**ASSIGNMENT**
In the entries below, which lines run from the one with "community partnership for child development" through the one with "New 2026 Chevrolet"? Repeat exactly those, both included, and no pictures.

════════

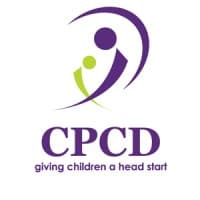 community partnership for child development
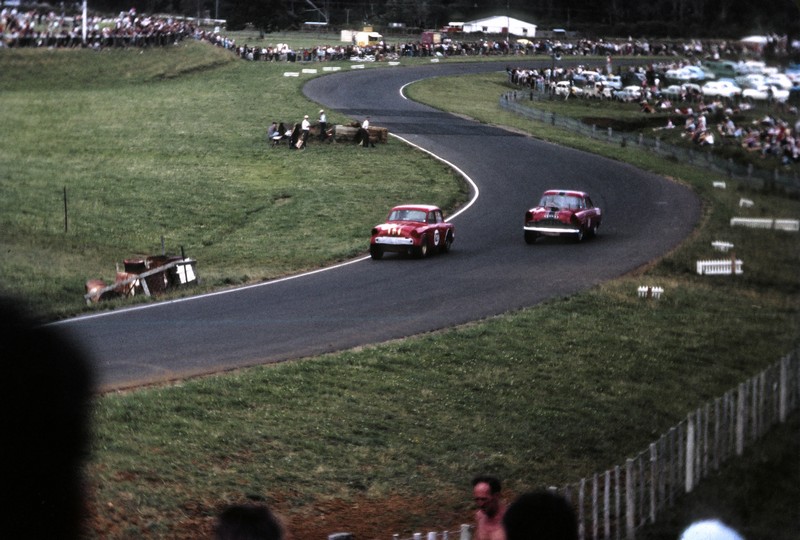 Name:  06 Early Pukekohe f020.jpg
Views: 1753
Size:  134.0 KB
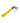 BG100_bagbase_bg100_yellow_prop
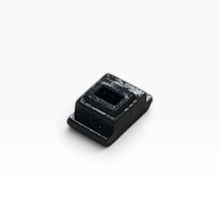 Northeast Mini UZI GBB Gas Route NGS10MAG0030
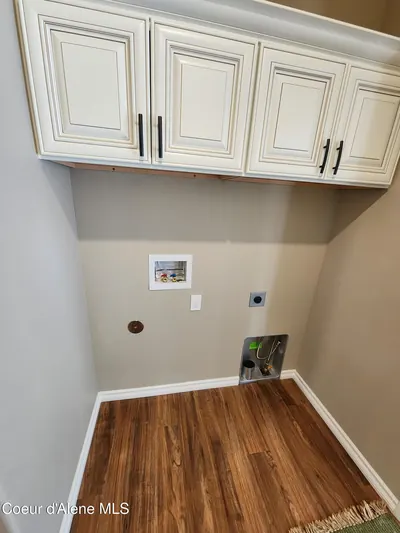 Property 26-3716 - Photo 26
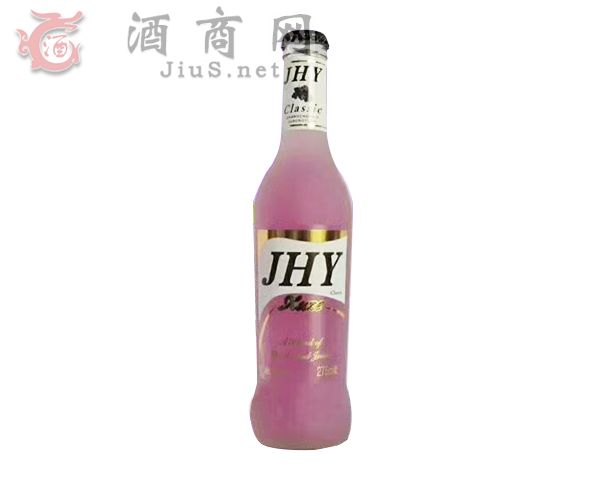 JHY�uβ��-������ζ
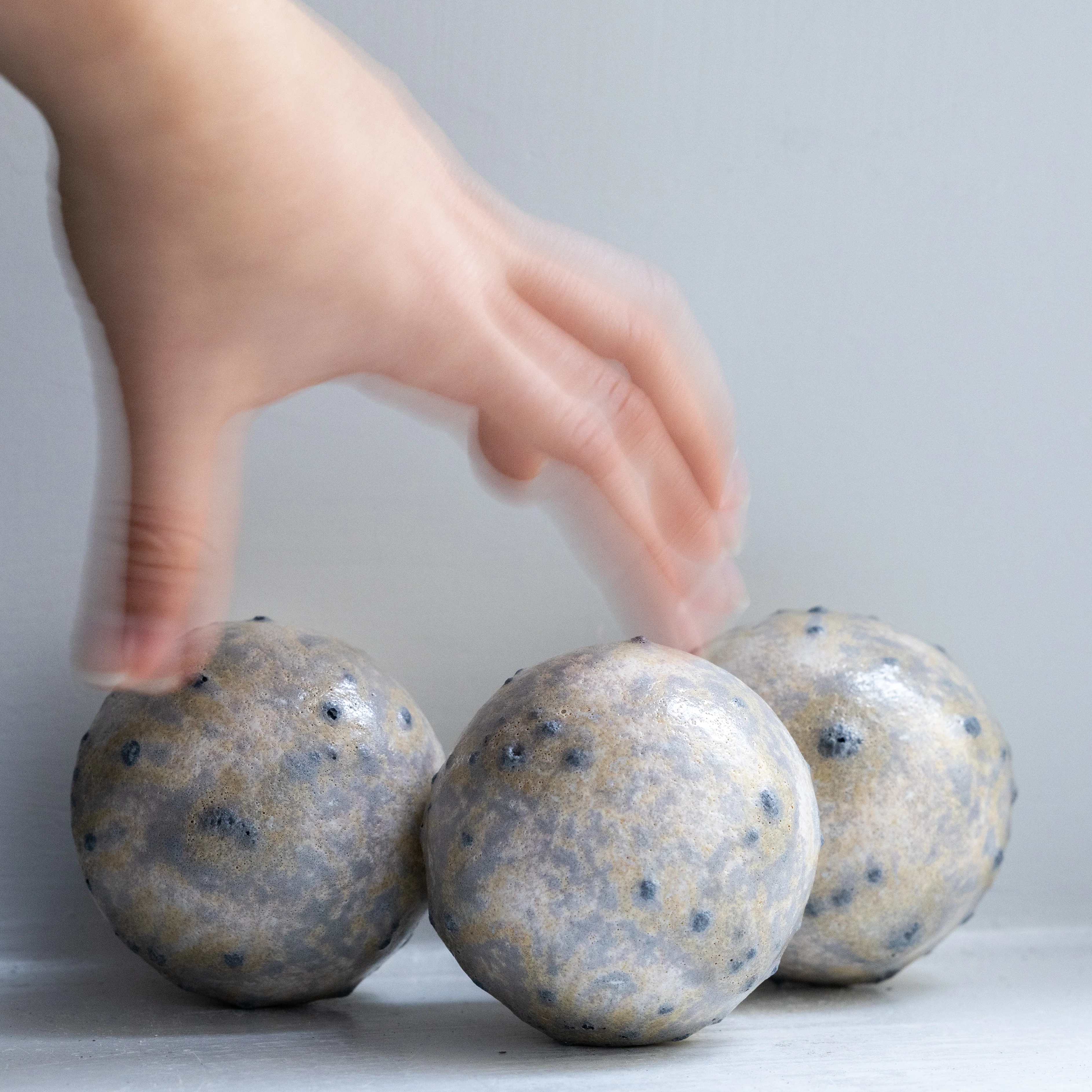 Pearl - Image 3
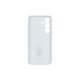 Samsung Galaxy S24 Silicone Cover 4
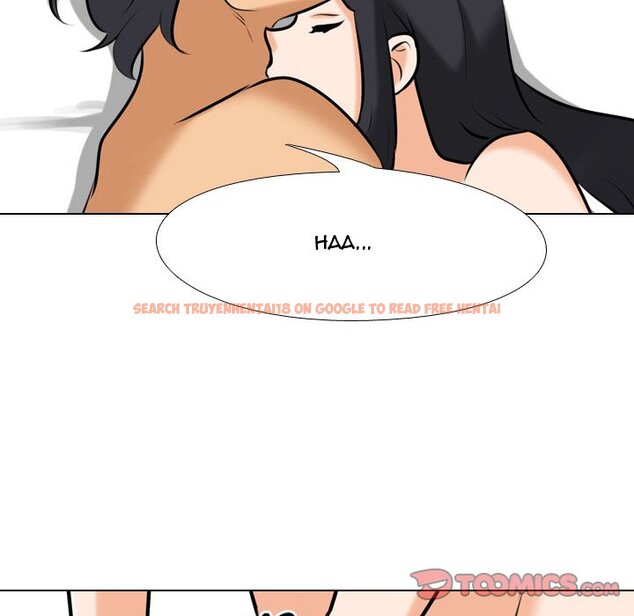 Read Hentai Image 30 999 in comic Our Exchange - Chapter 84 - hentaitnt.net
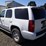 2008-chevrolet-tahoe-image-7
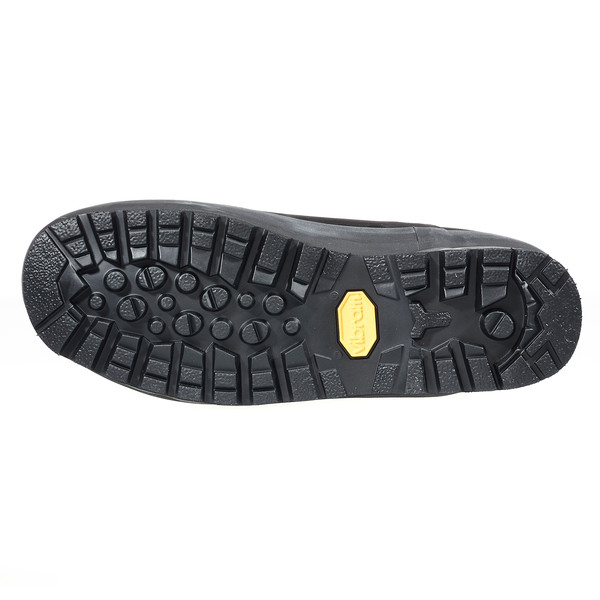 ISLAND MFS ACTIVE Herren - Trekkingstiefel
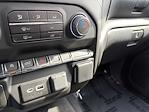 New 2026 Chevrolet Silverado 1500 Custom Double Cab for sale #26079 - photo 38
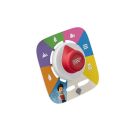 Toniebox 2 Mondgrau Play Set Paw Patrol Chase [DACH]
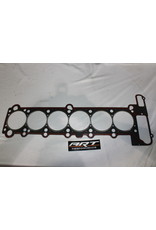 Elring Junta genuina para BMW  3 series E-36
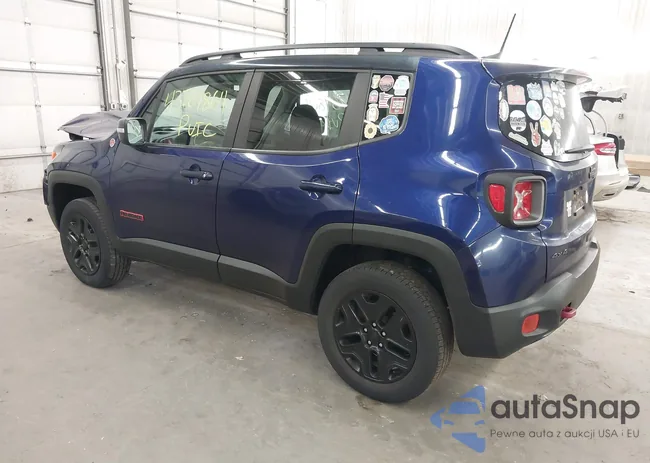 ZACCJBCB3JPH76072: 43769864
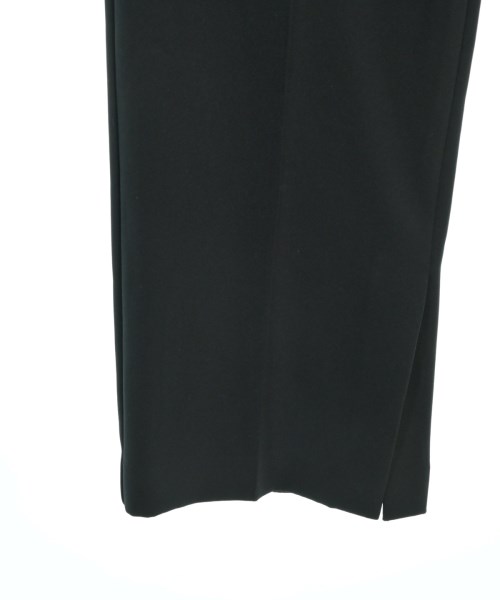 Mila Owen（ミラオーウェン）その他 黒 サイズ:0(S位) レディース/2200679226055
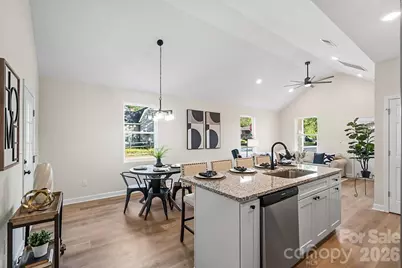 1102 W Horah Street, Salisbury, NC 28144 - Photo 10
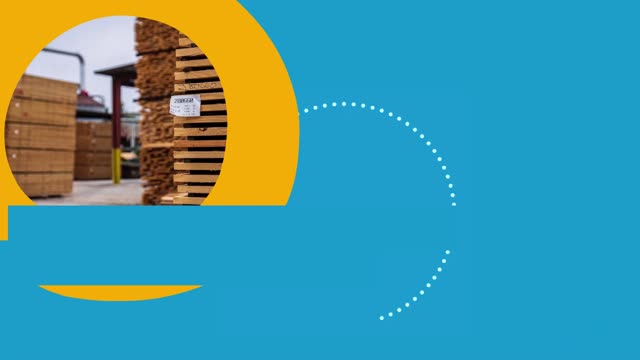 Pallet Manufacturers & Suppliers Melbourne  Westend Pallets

════════

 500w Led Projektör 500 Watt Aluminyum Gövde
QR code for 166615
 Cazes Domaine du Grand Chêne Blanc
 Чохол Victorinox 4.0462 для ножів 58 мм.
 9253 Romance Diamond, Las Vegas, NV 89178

════════

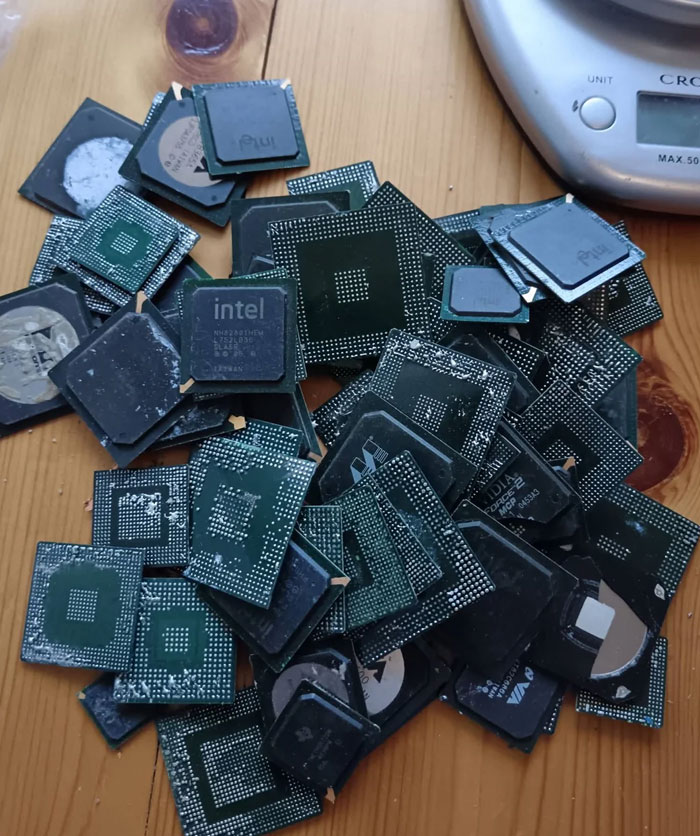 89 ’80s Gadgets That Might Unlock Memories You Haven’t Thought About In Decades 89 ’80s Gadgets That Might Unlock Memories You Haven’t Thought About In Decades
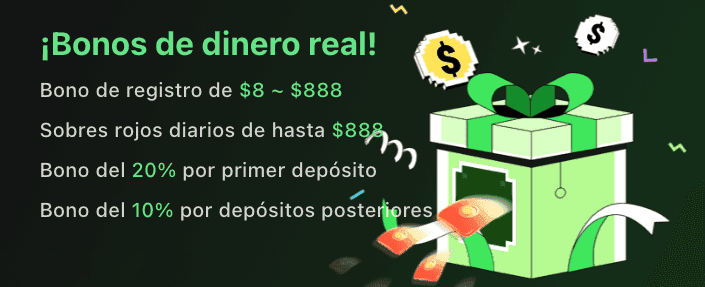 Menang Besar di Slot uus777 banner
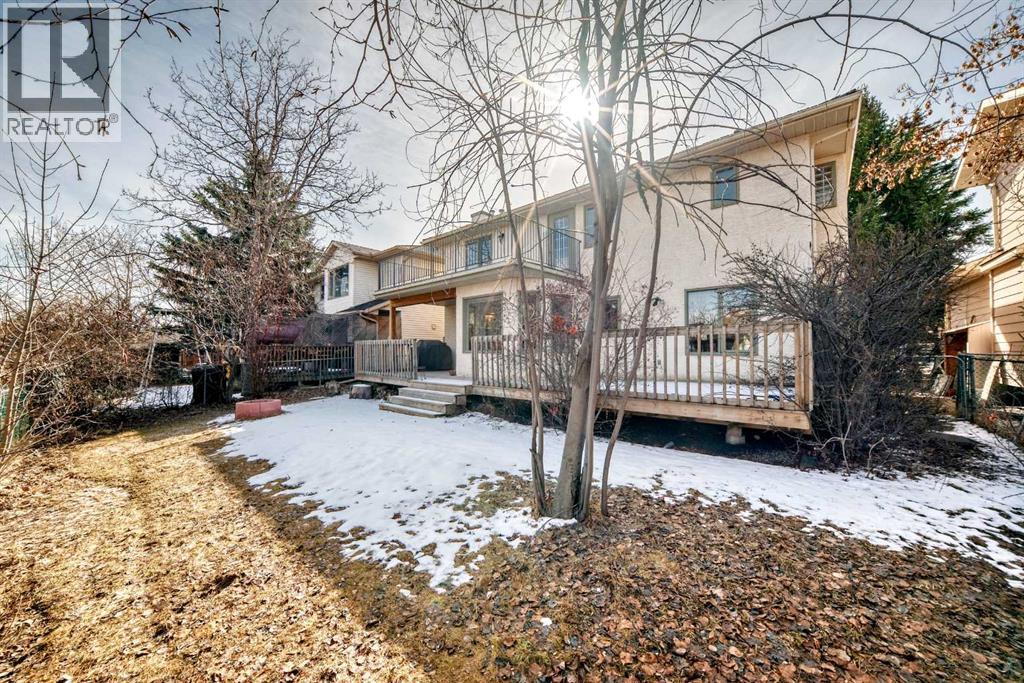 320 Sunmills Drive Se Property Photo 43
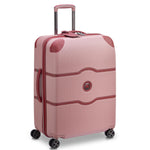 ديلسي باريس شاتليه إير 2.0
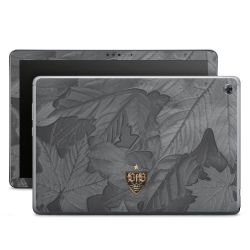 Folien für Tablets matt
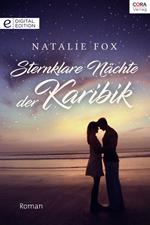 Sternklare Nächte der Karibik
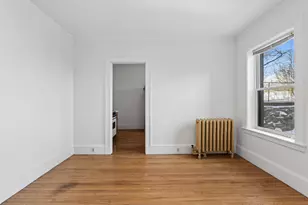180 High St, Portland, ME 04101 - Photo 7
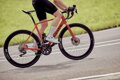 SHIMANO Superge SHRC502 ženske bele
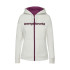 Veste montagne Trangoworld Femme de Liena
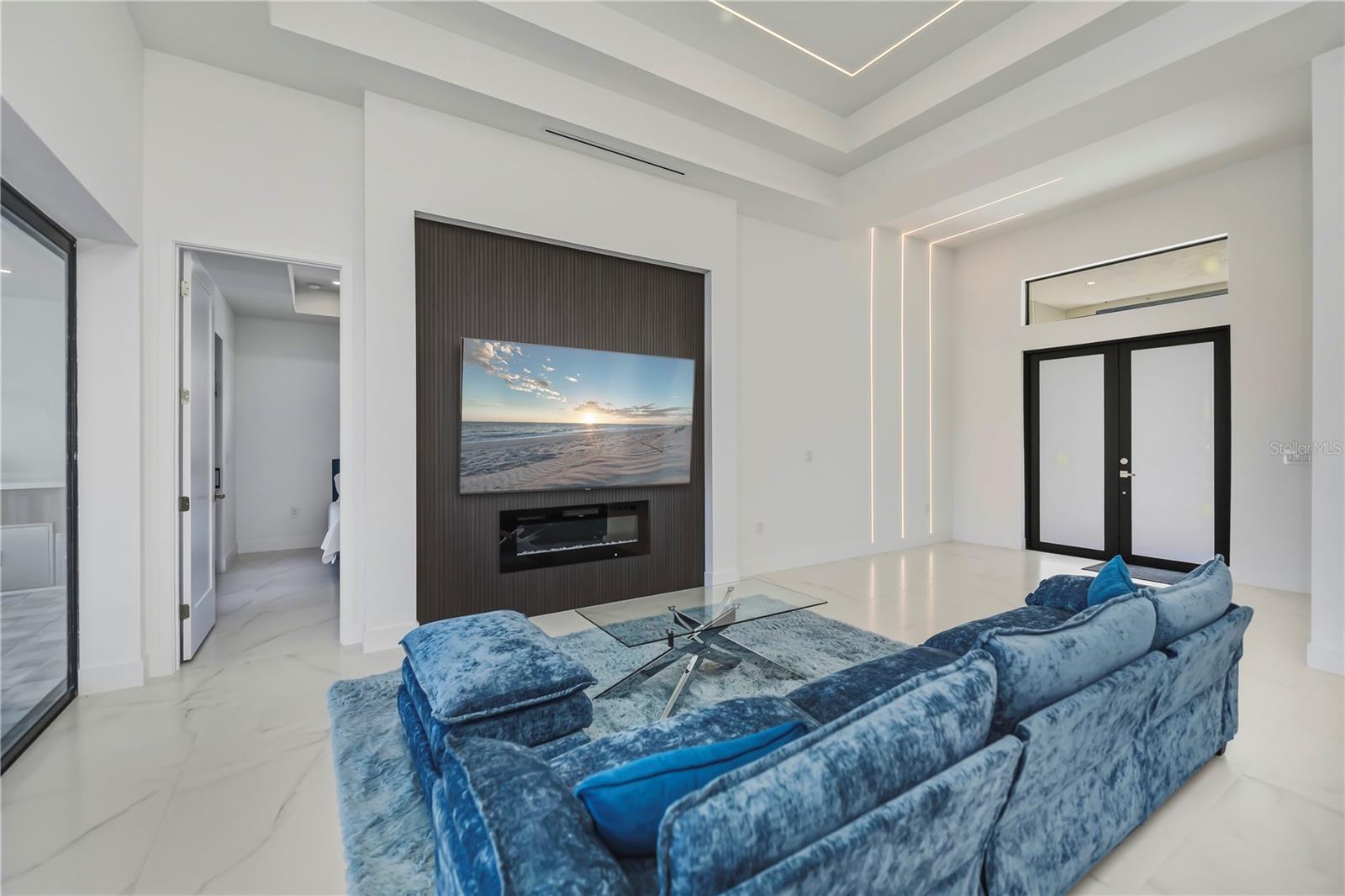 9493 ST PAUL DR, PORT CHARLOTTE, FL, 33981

════════

**TASK OUTPUT**
 community partnership for child development
 Name:  06 Early Pukekohe f020.jpg
Views: 1753
Size:  134.0 KB
 BG100_bagbase_bg100_yellow_prop
 Northeast Mini UZI GBB Gas Route NGS10MAG0030
 Property 26-3716 - Photo 26
 JHY�uβ��-������ζ
 Pearl - Image 3
 Samsung Galaxy S24 Silicone Cover 4
 Read Hentai Image 30 999 in comic Our Exchange - Chapter 84 - hentaitnt.net
 2008-chevrolet-tahoe-image-7
 ISLAND MFS ACTIVE Herren - Trekkingstiefel
 New 2026 Chevrolet Silverado 1500 Custom Double Cab for sale #26079 - photo 38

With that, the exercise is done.